My husband and I were talking over things last night about which jobs we've made good money on. A $14,000 bathroom, that he and his partner (of the time) both walked away with $5,000 profit after only 10 days. A $10,000 rental kitchen that he walked away with $5,000 again after only 10 days. 

However, the big jobs that are so detailed and involved- look great in the portfolio, but not so great at all in the books. 

Thank god, I FINALLY talked him into focusing on the cut and dry baths and rental kitchens. :thumbsup:


----------



## dirt diggler (May 14, 2006)

dougchips said:


> You were on the right track until "because they are smarter". If "smarts" is a measure of someones IQ then I beg to differ. The rich get richer because of attitude, desire, ambition, finding a groove for their skills, the list could go on forever. I know of several top money makers in this industry without college educations and some without high school educations. I also know a lot of people with high IQ's that are not rich and some that are poor.


bingo, too

i didn't see the smarts thing.


Look at Forrest Gump! He was retarded and got reel rich

oh, i meant to say "mentally disabled"


----------



## dirt diggler (May 14, 2006)

Melissa said:


> I have a question for you Dirt, How cut and dry is doing pools?
> 
> My husband and I were talking over things last night about which jobs we've made good money on. A $14,000 bathroom, that he and his partner (of the time) both walked away with $5,000 profit after only 10 days. A $10,000 rental kitchen that he walked away with $5,000 again after only 10 days.
> 
> ...



"cut and dry" as in financially lucrative?? or simplicity vs. complexity


----------



## Melissa (Feb 23, 2006)

dirt diggler said:


> "cut and dry" as in financially lucrative?? or simplicity vs. complexity


simplicity vs. complexity


----------



## ruskent (Jun 20, 2005)

Maybe complexity would be more profitable if it was priced right!!!

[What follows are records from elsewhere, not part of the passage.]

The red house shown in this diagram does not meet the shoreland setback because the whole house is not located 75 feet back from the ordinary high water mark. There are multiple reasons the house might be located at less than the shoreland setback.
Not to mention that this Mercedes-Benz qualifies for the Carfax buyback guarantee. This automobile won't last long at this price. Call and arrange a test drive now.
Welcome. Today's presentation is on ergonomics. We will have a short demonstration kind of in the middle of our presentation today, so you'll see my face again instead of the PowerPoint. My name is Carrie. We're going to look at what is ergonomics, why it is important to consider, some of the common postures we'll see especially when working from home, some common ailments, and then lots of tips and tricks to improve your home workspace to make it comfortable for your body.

BTW Mellissa so that 14k job had 10k in profit. I assume that means after all matieral and job related cost and after subracting your overhead/operating cost they made 10k?

Matt


----------



## Melissa (Feb 23, 2006)

dougchips said:


> Melissa, we all are still learning! *The people that stop learning will stop earning.* Look at all the companies that used telemarketing for their only lead source and never LEARNED new methods of getting leads. Look at the companies that do not have web-sites or even an email account.
> 
> Learning=earning


Agreed. But what I meant was for us a lot of times my husband encounters stuff he's never done before and makes mistakes or it just takes longer, which is part of the reason some jobs aren't very profitable- also we don't know how to price for it. 

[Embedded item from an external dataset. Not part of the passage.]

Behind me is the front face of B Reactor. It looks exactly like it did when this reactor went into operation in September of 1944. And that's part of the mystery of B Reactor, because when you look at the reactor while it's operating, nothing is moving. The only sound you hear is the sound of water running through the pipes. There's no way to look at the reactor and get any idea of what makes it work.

We installed some cabinets for a designer and asked him what the going rate is, he told us about $10,000. We about died laughing!!! It seemed so high. We charged $7,500, but it took so long to do, we couldn't believe it, and we'd never done it before, so split it with a friend who had- so in the learning stages, we're not making so much money.


----------



## Melissa (Feb 23, 2006)

ruskent said:


> Maybe complexity would be more profitable if it was priced right!!!
> 
> BTW Mellissa so that 14k job had 10k in profit. I assume that means after all matieral and job related cost and after subracting your overhead/operating cost they made 10k?
> 
> Matt


That # didn't include overhead, but at the time, we didn't really have any overhead. no workers, no shop, the job was close by. it was a piece of cake. :thumbsup:


----------



## dirt diggler (May 14, 2006)

Melissa said:


> simplicity vs. complexity



hmm .. im afraid to answer ... cuz everytime I say "wow, that was easy" ... I get another lesson 

don't think in terms of "simple" vs. "complex"

instead, think in terms of *"ok, this needs to be done ... how much time will it take to complete this ... and how much money will it take?"* (and a couple other relevant questions)
If you cannot answer those questions, then you find someone who can. 

It is not about being an expert. It's getting a job done (and your client wins --- and so do you)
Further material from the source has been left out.